U.S. Rep. Connie Mack this morning criticized what he categorized as the government’s recent assault on freedom, capitalism and American liberties.
He chose harsh words for the Obama administration, describing the recent economic stimulus package as ineffective. Mack said the federal government is increasingly taking control of the American economy, something of which he does not approve.
Mack spoke to more than 200 Southwest Florida business owners and leaders at a breakfast event in the Holiday Inn Fort Myers Town Center, sponsored by the Southwest Florida Chamber of Commerce.
“The Obama administration has picked up where the Bush administration left off,” he said.
The Obama administration believes spending taxpayer money will spur growth, Mack said. The congressman called that “a breathtakingly liberal power grab” reminiscent of President Franklin Delano Roosevelt’s New Deal, and said the better way to improving the economy is “through freedom, free markets and limited government.”

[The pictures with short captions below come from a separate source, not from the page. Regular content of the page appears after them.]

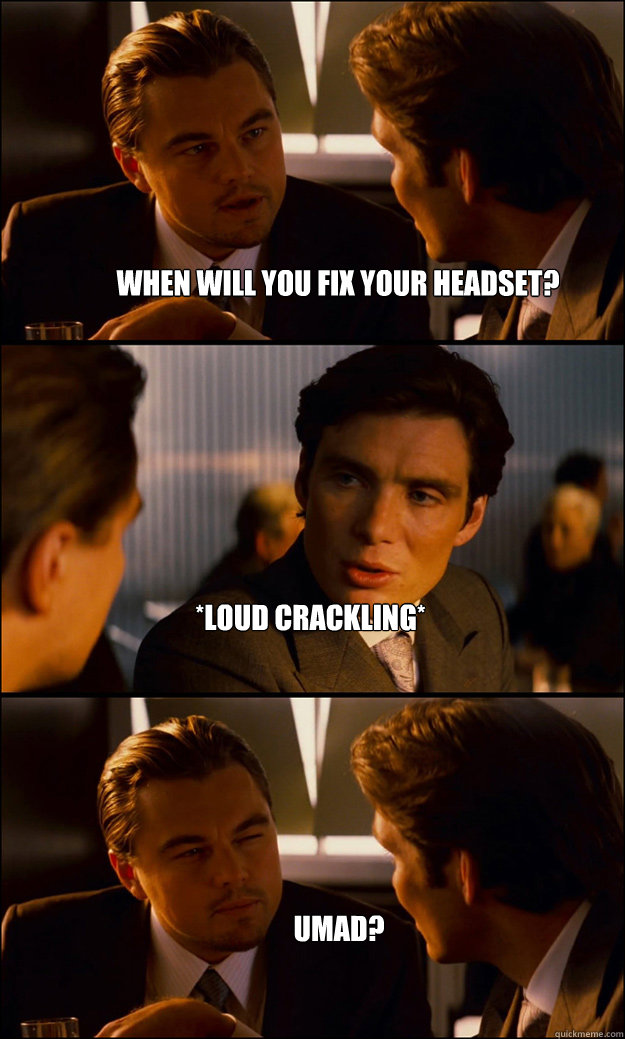 When will you fix your headset? *Loud Crackling* UMAD?  Inception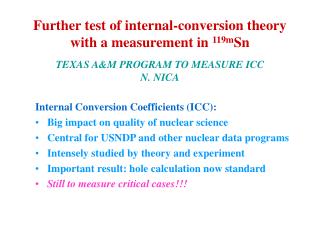 Internal Conversion Coefficients (ICC): Big impact on quality of nuclear science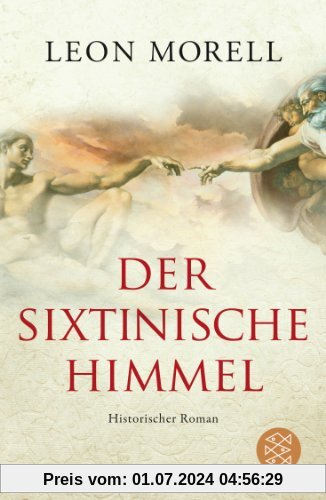 Der sixtinische Himmel: Historischer Roman
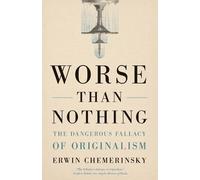 Erwin Chemerinsky Worse Than Nothing (Tascabile)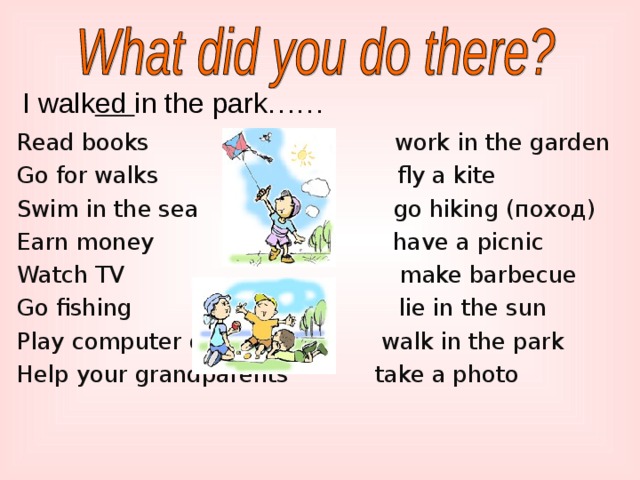 I walk ed in the park…… Read books work in the garden Go for walks fly a kite Swim in the sea go hiking (поход) Earn money have a picnic Watch TV make barbecue Go fishing lie in the sun Play computer games walk in the park Help your grandparents take a photo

Mack also panned the administration’s recent attempts at overhauling health care.
“The plans that are currently circulating in Congress will bankrupt our country,” Mack said.

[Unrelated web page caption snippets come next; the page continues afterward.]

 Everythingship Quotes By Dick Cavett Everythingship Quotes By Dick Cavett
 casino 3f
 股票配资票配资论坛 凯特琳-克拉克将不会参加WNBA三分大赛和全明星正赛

Mack found most of his audience receptive to his comments. His suggestion to make recent tax cuts permanent drew applause, as did his stern remarks about ACORN, the Association of Community Organizations for Reform Now.
Mack is one of 144 House Republicans who co-sponsored a bill to strip the troubled advocacy group of its funding.
“This group has a long history of fraud, tax evasion,” he said.
One audience member who was cooler to Mack was Sandra Taylor. She previously asked Mack to support H.R. 2743, the Automobile Dealer Economic Rights Restoration Act, and again requested his support today.
Mack didn’t give it.
The House bill aims to afford protection for new car and truck dealers facing termination from Chrysler and General Motors.
“I don’t believe the federal government should be making these decisions,” he said, echoing his earlier statements.
After being asked about incentives for first-time home buyers, Mack said he believes that such enticements should be extended to others.
“We should do more to encourage people to buy homes,” he said. “I don’t think we should limit it to first time home buyers.”
Although Mack was ready to criticize his opponents, he was quickly put on guard when it sounded as though the scrutiny was directed at his personal life. One attendee asked about the passage of the Cap-and-Trade Bill and also brought up how Mack and his wife, U.S. Rep. Mary Bono Mack, R-Calif., voted differently on the bill.
If there was some insinuation that the congressman should “control my wife,” Mack said, “it’s just not right.”